The evaluation in this study will focus on the Clouds-Based Collaborative and Multi-Modal Mixed Reality. By using this mixed reality application at the Western Australia Shipwreck Museum, visitors can collaboratively interact with 3D models, videos, audio, and textual information related to Xantho. The experience is delivered to users via Microsoft HoloLens device. A total of two users can collaborate and interact with the mixed reality experience at the same time. Users have a choice of speech, gaze, gesture, and movement to use to interact with the mixed reality environment. They can interact with 3D models, read text, and play audio and video the media content presented. The two users experiencing the mixed reality environment can collaborate and communicate while navigating through the story of Xantho.
The experience begins with the application asking users to provide stage ID to locate a shared location that will be used to load the mixed reality environment onto.
Figure 3 shows users interacting with the application (see the
Supplemental Materials to view video of the mixed reality experience). The stage ID can be set and passed to users either by a curator or one of the participants who plays a role of a guide [
17]. We invite readers to refer to this published article. Once users supply the stage ID, the HoloLens devices will load the mixed reality environment at the shared location and users start interacting with the environment. The experience takes approximately 15–20 min and has four segments. The first segment introduces users to Microsoft HoloLens and the interaction methods they can utilise. The introduction is delivered by a male virtual guide. After this segment, users select to begin the story of Xantho and then the Walkable Mixed Reality Map (second segment) is projected on the floor. At this stage, users start to explore the content collaboratively. This segment focuses on the early life of Xantho. After this stage, users can freely navigate through segment three (focuses on the wreck of Xantho) and segment four (focuses on the discovery of the wreck of Xantho). Interaction with content and the environment is achieved via a multi-modal interaction method that combines speech, gaze, gesture, and movement. This provided users with the flexibility of switching between different modes.
4.2. Measures
The instruments used for the evaluation were questionnaires and semi-structured interviews. The questionnaire used for this study had a total of nine measurement items scored on a 5-point Likert scale, one open question, and six demography questions (see
Table 2 and
Table 3). The measurement methods were adopted from Technology Acceptance Model (TAM) and Bae, Jung [
40]. The semi-structured interview had five predetermined questions.
4.3. Data Collection
The survey and interview were conducted over two evaluation sessions that took place at the Western Australian Shipwreck Museum on the 7 and 14 October 2021. The evaluation was conducted by the primary author as part of his PhD research. Experts, archaeologists, curators, and researchers from the museum participated in the evaluation.
After completing the mixed reality experience, participants were given a tablet computer to respond to the questionnaire. Once responses were gathered, participants were asked five semi-structured questions. The interview was recoded on a recording device (smartphone) and transcribed for further analysis.
A total of 11 experts from different departments of the Western Australian Shipwreck Museum participated in the evaluation.

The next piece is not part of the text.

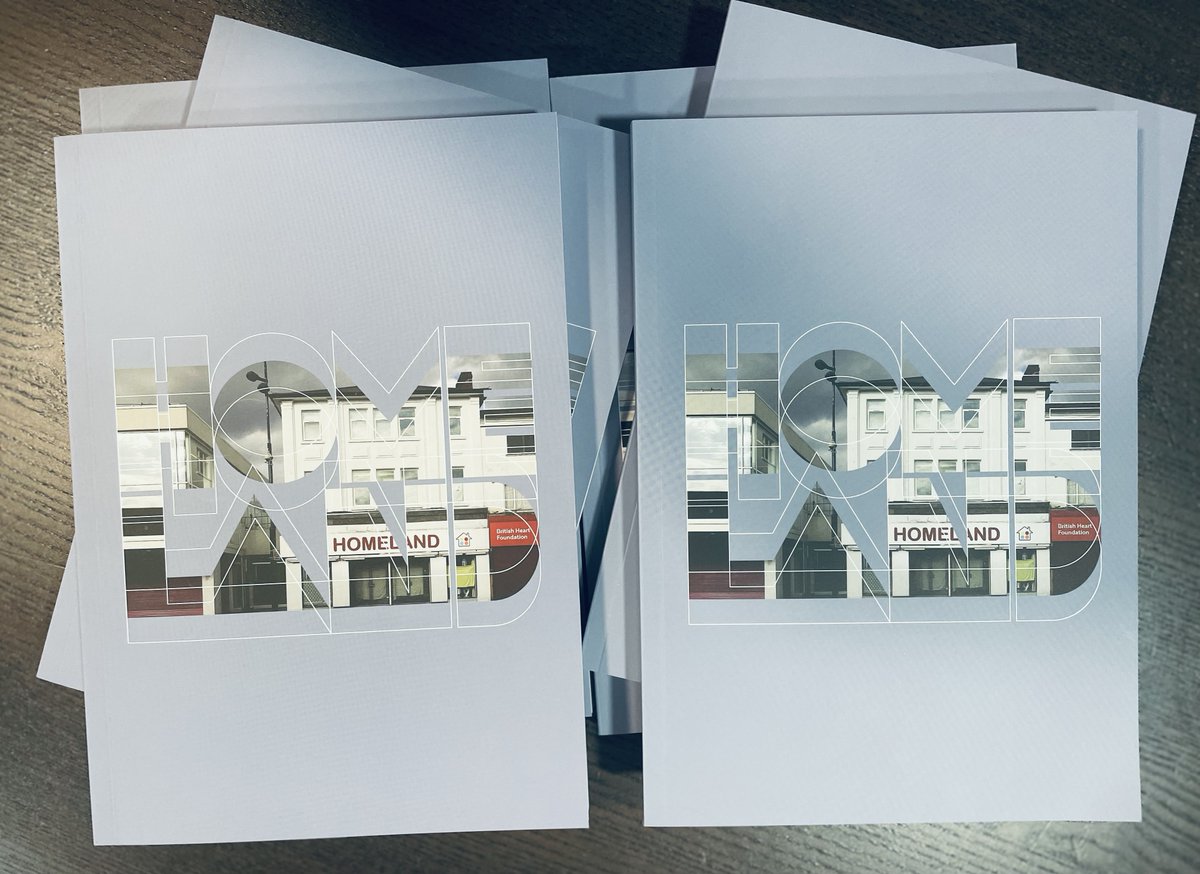 Centrala_space's tweet image. After a long journey, the "Homeland" photobook by @PKorobkiewicz is here! Discover powerful Eastern migrant stories through photos as part of the "Post-Socialist Britain?" project with @soc_post, @unibirmingham, @NottmTrentUni, &amp;amp; @Centrala, funded by @ahrcpress. Launch: 9/11/24.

Table 2 shows demographical details of the participants. According to the data gathered from the two evaluation sessions, the majority of participants were female (6 female, 4 male, and 1 preferred not to identify gender). The majority of participants were aged between 40 and 49. With regards to participants’ previous experience with immersive reality technology in general, the responses show that 7 participants were novice users, and 3 participants had never used the technology (one participant did not respond to this survey item). However, participants’ response to a survey item that asked their previous experience with Microsoft HoloLens showed that the majority of participants were new to the technology (8 never used the technology, and 3 were novice users).
5. Results
In this section we present the results obtained from analysing the data gathered from survey items, open question, and semi-structured interview.
Table 3 and
Figure 4 summarise questionnaire items scored on a 5-point Likert scale. The results are grouped into three categories based on the three characteristic of collaborative and multi-modal mixed reality we identified in
Section 2 and
Section 3.
5.1. Collaboration (Social Interaction)
In
Section 3.1, we hypothesised that collaborative interaction in mixed reality will have a positive effect on engagement, collaboration (social interaction), and contextual relationship between users and the virtual environment. Participants response to the survey items
“It was easy for me to collaborate with the person I shared the mixed reality experience with”, “It was easy for me to share and explain what I was seeing”, “It was easy for me to use speech command to interact with the system”, and “
It was easy for me to use gesture command to interact with the system” were used to validate weather collaborative and multi-modal interaction methods enable collaboration (social interaction) in mixed reality. The results (see
Table 3 and
Figure 4) indicate that the collaborative and multi-modal aspects of the mixed reality experience enable collaboration (social interaction) between users. Furthermore, participants response to a question
“were the two of you able to communicate while exploring the shared mixed reality experience?” validates the importance of collaboration (social interaction).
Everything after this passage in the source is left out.